The truth about 'sing it, girl'
Welcome to The truth about everything* – where manners and good taste fear to tread. Let’s go back to the very last time there was anything good on TV. The peak of democracy, pop music, and Saturday night television – 13 December 2008.
We hear a lot these days about supposed cultural resets – events of the past reappraised by hindsight’s gimlet stare, and importance belatedly attached to something that may, at the time, have seemed insignificant. The word ‘iconic’ is, much to the chagrin of Susie Dent from Countdown’s Dictionary Corner and countless children who spent hours glued to a thesaurus instead of making friends, now liberally used to mean anything from a new flavour of Monster Munch launching to a reality show star throwing wine over someone in a charmless LA brasserie. But no matter, language evolves, tastes change, and appreciation swells and wanes.

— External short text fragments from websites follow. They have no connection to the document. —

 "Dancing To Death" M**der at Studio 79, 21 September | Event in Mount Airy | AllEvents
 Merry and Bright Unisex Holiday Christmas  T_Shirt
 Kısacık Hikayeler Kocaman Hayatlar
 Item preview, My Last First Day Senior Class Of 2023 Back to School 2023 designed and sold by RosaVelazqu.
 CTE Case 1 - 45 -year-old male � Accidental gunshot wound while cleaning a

One thing we can all agree on, however – and please delete me from your lives if you don’t – is that Saturday 13 December 2008 was a moment for the ages.
13 December 2008. Taylor Swift’s 19th birthday, yes, but something much more seismic was happening. It was the grand final of the live shows of the fifth series of reality talent show juggernaut The X Factor. The best series. The gold standard. The Big Brother 5 of its day. It was, largely, a wholesome feelgood series, although it had been rocked by an early ‘scandal’, a hatchet job on one of the show’s most promising and talented contestants, Rachel Hylton, whose unfortunate past had been raked up by tabloids tasting blood. Series five was packed with eliminated contestants who could, quite easily, have won other years, the women especially strong – Rachel, Laura White, Diana Vickers, Ruth Lorenzo – and the final felt groundbreaking. Once former favourite Irish boy Eoghan Quigg was dispatched into third place after singing three of his four songs, the remaining finalists were young Black Londoners: four-piece boyband JLS and another 19-year-old, Miss Alexandra Burke.

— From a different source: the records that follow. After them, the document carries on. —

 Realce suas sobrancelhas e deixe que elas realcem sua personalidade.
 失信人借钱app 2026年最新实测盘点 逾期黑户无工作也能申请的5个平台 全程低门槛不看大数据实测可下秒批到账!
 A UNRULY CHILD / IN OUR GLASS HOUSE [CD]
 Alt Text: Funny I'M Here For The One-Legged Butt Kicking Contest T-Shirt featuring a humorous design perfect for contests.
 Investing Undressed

Throughout, the contest seemed so wide open in a way it hadn’t before – and indeed never was again. The uncertainty was thrilling, a result of an overload of talent rather than previous series where either one frontrunner had bided their time until everyone else bowed to the inevitable or, on the other two occasions, a lack of captivating contestants had produced an underwhelming victory. In this final, it could genuinely have gone either way. While JLS had narrowly performed better with the voting public in live heats week-on-week, both they and Alexandra had finished in first place only once – JLS in the semifinal, and Alexandra a week earlier. Before then, Eoghan Quigg had dominated, ceding only one week to Diana Vickers, who’d missed the previous heat due to illness and saw her plucky return rewarded – back in the day when it was cool to sing Coldplay in a talent show. To find JLS and Alexandra in the final not only bucked convention, it felt charged with hope – the underdogs were primed for victory. Reality TV contestants were always saying ‘It means everything’, but this time, it felt real. This just wasn’t how Saturday night TV looked, even as recently as the 00s.

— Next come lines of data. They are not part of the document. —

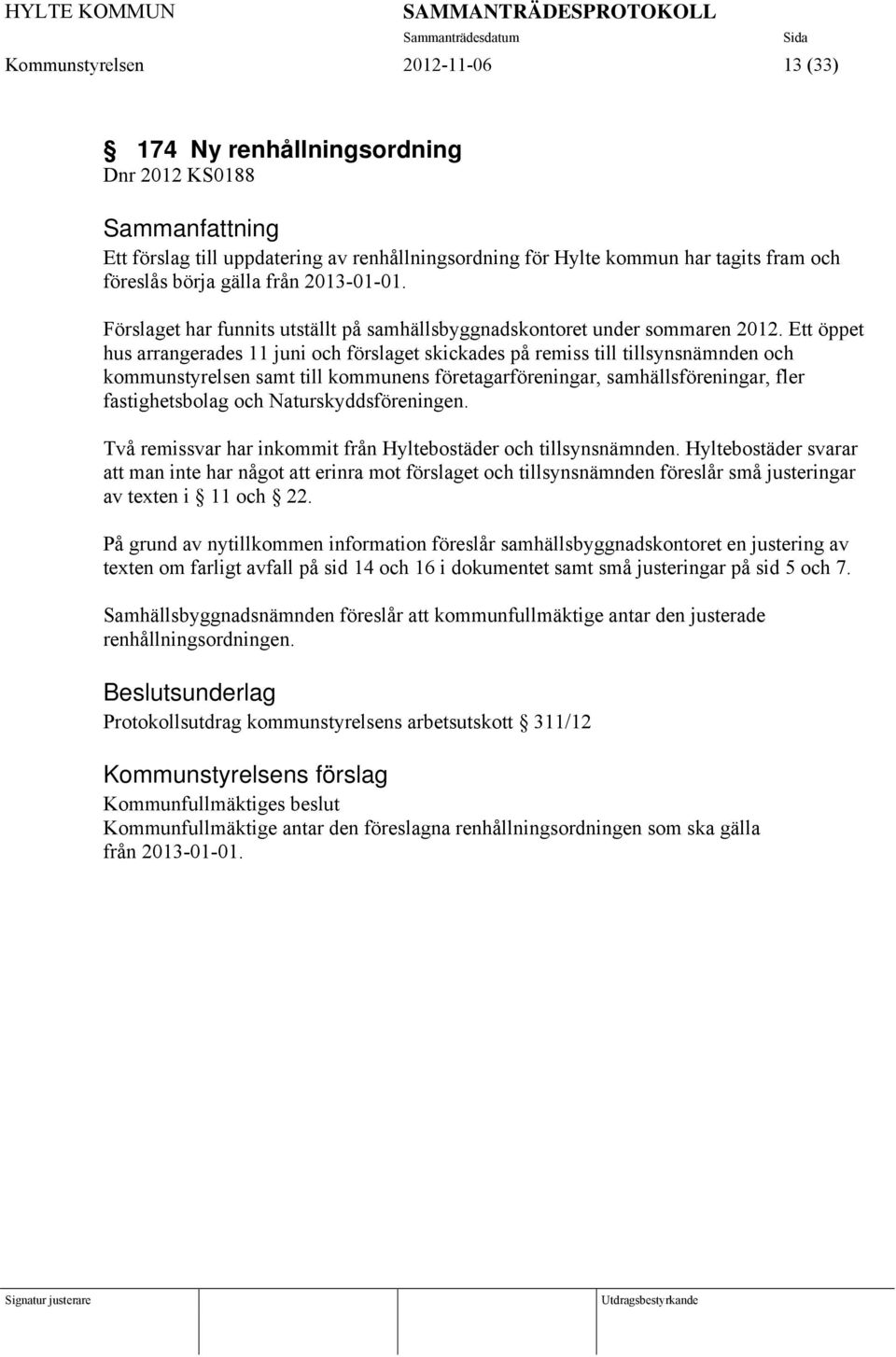 Ett öppet hus arrangerades 11 juni och förslaget skickades på remiss till tillsynsnämnden och kommunstyrelsen samt till kommunens företagarföreningar, samhällsföreningar, fler fastighetsbolag och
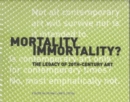 Mortality Immortality? - The Legacy of 20th-Century Art - Book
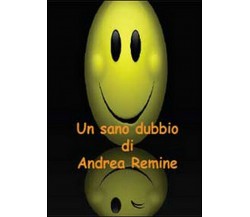 Un sano dubbio -  Andrea Remine,  2014,  Youcanprint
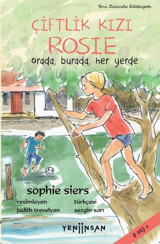 Çiftlik Kızı Rosie - OradaBuradaHer Yerde 8+ Sophie Siers Yeni İnsan Yayınevi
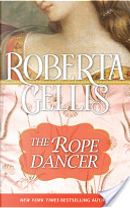 Rope Dancer by Roberta Gellis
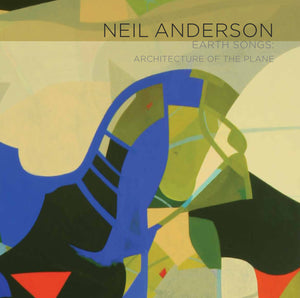 Neil Anderson, "Earth Songs: Architecture of the Plane"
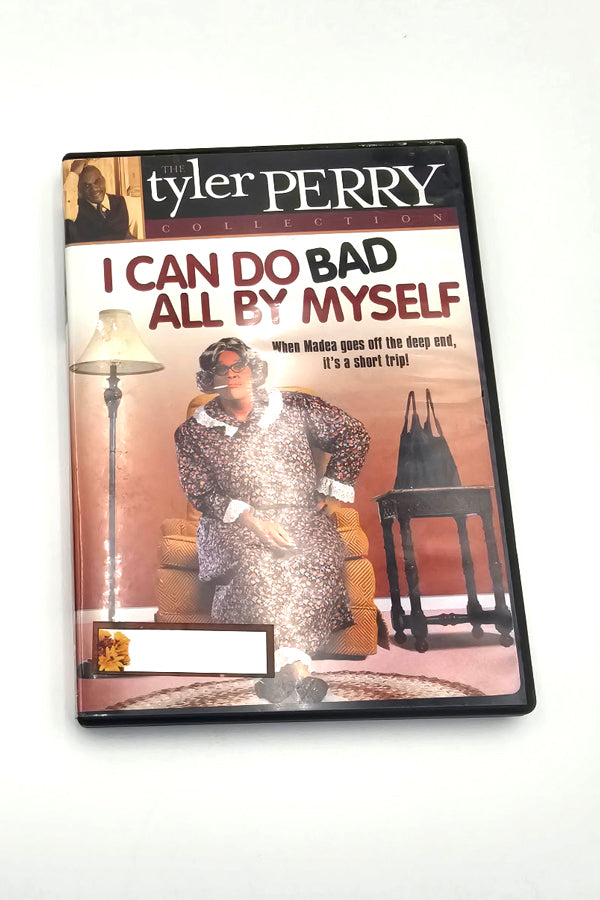 I Can Do Bad All By Myself (Copy)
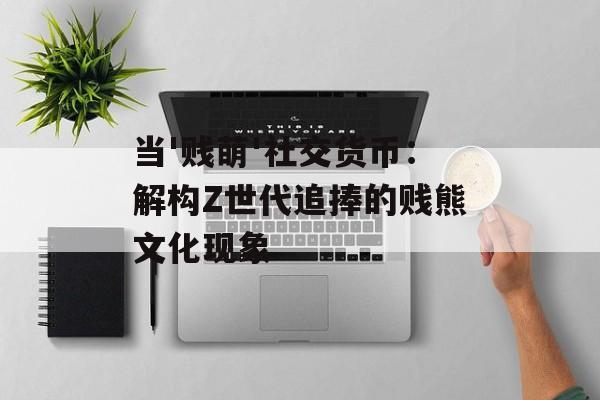当'贱萌'社交货币：解构Z世代追捧的贱熊文化现象-第1张图片-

Alexandra especially felt like she was on the back-foot – rejected at judges’ houses three years earlier by the mistuned radio in human form that is Louis Walsh, and the daughter of Melissa Bell, who sang with Soul II Soul, Alexandra had a lot to prove. That she was far and away the strongest performer didn’t matter a jot in the reality TV world, and it wasn’t enough to secure a victory. Despite repeated reminders from slightly humourless judge Dannii Minogue that it was a ‘singing competition’, it was much more than that – The X Factor, like most programmes of its ilk, was a popularity contest and in a world where Black women were (and still are) constantly scrutinised and criticised for showing even a flicker of personality, that Alexandra had made the final at all was a miracle. But she did. Let’s go right back to the start of that final and take it step by step. We'll even switch into present tense to build a sense of anticipation, shall we?
After whipping the audience into a frenzy with VTs and satellite linkups to the finalists’ hometowns – just down the road for JLS and Alex – the opening round gets underway, the theme being Christmas songs which, arguably, JLS nail. Their actually very cute and accomplished version of Wham’s ‘Last Christmas’ will become the stuff of legend, with JB transforming George Michael’s sultry, whispered, ‘Merry Christmas’ into something a Dickensian urchin might chirrup just before he tries to sell you a bunch of half-dead posies. Eoghan bravely battles through Wizzard’s ‘I Wish it Could be Christmas Everyday', while Alexandra closes things out with a beautiful and sincere rendition of what is, sadly, the Christmas carol most likely to be played over a montage of people being murdered on EastEnders on Christmas Day: the haunting dirge ‘Silent Night’.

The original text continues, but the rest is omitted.